IN31C-3731:
NCAR Earth Observing Laboratory's Data Tracking System

Wednesday, 17 December 2014
Linda E Cully and Steven F Williams, NCAR, Boulder, CO, United States
Abstract:
The NCAR Earth Observing Laboratory (EOL) maintains an extensive collection of complex, multi-disciplinary datasets from national and international, current and historical projects accessible through field project web pages (https://www.eol.ucar.edu/all-field-projects-and-deployments). Data orders are processed through the EOL Metadata Database and Cyberinfrastructure (EMDAC) system. Behind the scenes is the institutionally created EOL Computing, Data, and Software/Data Management Group (CDS/DMG) Data Tracking System (DTS) tool. The DTS is used to track the complete life cycle (from ingest to long term stewardship) of the data, metadata, and provenance for hundreds of projects and thousands of data sets.
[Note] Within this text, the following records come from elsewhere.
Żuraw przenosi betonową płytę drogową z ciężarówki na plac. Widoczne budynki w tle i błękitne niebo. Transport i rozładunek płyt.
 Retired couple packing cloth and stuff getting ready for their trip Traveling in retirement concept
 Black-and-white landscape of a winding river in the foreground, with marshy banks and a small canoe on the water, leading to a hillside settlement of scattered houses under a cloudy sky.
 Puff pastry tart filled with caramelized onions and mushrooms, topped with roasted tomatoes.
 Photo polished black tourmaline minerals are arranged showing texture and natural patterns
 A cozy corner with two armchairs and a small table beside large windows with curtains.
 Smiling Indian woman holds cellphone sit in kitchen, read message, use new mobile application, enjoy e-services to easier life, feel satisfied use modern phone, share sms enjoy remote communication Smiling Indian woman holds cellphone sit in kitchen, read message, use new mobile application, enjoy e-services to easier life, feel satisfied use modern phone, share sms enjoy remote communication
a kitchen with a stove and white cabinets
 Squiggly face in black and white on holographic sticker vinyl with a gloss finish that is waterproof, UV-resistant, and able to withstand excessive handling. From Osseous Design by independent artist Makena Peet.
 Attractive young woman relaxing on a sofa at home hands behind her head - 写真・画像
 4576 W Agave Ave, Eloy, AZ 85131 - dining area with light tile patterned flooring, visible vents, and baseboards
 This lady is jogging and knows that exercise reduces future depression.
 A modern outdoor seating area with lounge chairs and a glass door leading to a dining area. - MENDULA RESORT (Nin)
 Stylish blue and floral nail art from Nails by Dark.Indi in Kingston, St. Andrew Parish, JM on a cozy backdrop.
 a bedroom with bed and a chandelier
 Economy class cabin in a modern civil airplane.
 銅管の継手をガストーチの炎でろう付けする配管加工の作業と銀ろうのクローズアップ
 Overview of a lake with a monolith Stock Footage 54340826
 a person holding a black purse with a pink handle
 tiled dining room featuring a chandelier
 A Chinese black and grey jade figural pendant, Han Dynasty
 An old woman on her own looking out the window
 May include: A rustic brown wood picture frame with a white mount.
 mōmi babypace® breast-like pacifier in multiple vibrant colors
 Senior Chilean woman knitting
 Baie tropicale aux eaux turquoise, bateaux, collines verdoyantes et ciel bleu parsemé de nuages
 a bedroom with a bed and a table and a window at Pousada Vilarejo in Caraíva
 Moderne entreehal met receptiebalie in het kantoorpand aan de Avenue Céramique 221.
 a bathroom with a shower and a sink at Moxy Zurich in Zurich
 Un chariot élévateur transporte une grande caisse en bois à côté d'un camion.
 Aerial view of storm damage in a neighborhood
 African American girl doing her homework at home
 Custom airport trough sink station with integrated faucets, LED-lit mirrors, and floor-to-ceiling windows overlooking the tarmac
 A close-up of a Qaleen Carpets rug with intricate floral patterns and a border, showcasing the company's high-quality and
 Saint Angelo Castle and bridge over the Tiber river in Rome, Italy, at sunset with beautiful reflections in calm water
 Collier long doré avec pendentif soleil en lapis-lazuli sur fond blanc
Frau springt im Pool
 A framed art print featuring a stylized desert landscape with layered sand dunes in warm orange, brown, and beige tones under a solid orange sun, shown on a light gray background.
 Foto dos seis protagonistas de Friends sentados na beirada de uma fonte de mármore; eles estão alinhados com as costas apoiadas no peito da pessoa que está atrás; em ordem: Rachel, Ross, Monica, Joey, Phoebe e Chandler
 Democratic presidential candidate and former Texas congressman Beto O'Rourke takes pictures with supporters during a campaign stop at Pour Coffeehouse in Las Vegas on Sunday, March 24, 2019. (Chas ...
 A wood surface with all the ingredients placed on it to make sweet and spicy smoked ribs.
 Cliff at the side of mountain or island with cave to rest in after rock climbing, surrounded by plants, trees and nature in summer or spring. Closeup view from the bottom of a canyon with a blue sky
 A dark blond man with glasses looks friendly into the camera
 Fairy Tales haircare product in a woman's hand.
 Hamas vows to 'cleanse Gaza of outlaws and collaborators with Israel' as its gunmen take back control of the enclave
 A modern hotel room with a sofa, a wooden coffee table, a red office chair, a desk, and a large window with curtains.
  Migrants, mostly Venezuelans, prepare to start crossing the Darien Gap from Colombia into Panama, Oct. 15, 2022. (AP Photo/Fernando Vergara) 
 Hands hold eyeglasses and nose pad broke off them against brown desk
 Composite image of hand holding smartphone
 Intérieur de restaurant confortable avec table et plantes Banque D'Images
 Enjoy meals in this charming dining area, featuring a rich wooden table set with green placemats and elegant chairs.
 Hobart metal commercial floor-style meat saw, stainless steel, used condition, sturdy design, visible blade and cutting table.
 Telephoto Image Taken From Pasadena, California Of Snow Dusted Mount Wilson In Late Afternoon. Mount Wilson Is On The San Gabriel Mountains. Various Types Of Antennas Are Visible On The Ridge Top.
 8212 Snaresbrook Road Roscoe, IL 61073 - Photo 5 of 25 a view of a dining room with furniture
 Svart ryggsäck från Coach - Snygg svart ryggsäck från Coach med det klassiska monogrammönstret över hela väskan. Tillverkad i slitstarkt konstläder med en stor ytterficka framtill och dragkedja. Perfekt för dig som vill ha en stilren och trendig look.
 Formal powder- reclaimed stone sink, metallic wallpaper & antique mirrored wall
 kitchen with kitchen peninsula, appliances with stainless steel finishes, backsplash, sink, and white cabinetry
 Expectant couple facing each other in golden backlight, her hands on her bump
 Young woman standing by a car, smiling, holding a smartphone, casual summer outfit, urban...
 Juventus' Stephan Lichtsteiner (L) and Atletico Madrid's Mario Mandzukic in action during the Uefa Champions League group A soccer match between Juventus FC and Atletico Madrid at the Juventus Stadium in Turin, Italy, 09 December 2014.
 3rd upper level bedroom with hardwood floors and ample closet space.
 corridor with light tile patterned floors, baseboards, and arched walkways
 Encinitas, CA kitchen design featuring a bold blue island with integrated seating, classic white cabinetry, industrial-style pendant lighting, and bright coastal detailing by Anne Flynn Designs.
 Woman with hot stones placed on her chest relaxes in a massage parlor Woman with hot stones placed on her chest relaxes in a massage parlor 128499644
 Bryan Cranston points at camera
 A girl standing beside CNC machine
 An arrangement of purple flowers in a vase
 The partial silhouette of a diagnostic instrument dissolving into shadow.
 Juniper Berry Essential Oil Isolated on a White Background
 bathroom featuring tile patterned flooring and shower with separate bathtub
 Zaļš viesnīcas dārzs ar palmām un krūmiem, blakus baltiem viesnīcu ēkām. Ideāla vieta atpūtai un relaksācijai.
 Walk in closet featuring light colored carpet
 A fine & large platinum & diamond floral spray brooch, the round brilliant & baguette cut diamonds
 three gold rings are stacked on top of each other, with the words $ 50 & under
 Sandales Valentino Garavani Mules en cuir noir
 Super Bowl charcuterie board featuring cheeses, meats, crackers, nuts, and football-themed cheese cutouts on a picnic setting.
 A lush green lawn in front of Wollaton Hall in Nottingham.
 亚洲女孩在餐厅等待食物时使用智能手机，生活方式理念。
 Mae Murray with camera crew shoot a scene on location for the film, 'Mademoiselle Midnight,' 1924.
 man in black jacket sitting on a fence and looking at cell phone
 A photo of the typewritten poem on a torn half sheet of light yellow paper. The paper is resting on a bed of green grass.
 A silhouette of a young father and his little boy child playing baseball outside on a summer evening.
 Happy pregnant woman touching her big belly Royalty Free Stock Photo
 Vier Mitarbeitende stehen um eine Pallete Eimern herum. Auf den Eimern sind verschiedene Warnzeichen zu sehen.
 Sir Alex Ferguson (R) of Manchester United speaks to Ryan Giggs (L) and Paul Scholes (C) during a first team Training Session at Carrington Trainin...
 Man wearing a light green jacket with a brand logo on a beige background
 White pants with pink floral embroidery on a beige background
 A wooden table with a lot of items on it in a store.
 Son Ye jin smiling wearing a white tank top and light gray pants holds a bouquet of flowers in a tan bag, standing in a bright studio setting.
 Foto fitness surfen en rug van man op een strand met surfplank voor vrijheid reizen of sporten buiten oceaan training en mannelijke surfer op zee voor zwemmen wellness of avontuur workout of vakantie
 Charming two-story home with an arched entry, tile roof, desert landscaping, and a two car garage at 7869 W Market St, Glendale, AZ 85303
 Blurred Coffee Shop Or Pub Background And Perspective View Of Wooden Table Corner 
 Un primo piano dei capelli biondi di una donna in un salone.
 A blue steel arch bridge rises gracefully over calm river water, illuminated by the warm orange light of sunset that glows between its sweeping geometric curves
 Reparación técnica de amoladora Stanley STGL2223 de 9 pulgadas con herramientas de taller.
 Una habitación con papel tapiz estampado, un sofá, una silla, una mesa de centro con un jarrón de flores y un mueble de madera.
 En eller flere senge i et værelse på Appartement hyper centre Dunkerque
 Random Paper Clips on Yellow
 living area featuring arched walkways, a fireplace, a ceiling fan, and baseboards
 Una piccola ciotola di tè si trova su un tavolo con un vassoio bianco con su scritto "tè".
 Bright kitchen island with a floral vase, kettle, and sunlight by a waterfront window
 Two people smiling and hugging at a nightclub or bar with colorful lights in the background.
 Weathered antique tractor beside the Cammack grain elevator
The DTS is an EOL internal only tool which consists of three subsystems: Data Loading Notes (DLN), Processing Inventory Tool (IVEN), and Project Metrics (STATS). The DLN is used to track and maintain every dataset that comes to the CDS/DMG. The DLN captures general information such as title, physical locations, responsible parties, high level issues, and correspondence. When the CDS/DMG processes a data set, IVEN is used to track the processing status while collecting sufficient information to ensure reproducibility. This includes detailed “How To” documentation, processing software (with direct links to the EOL Subversion software repository), and descriptions of issues and resolutions. The STATS subsystem generates current project metrics such as archive size, data set order counts, “Top 10” most ordered data sets, and general information on who has ordered these data.

The DTS was developed over many years to meet the specific needs of the CDS/DMG, and it has been successfully used to coordinate field project data management efforts for the past 15 years. This paper will describe the EOL CDS/DMG Data Tracking System including its basic functionality, the provenance maintained within the system, lessons learned, potential improvements, and future developments.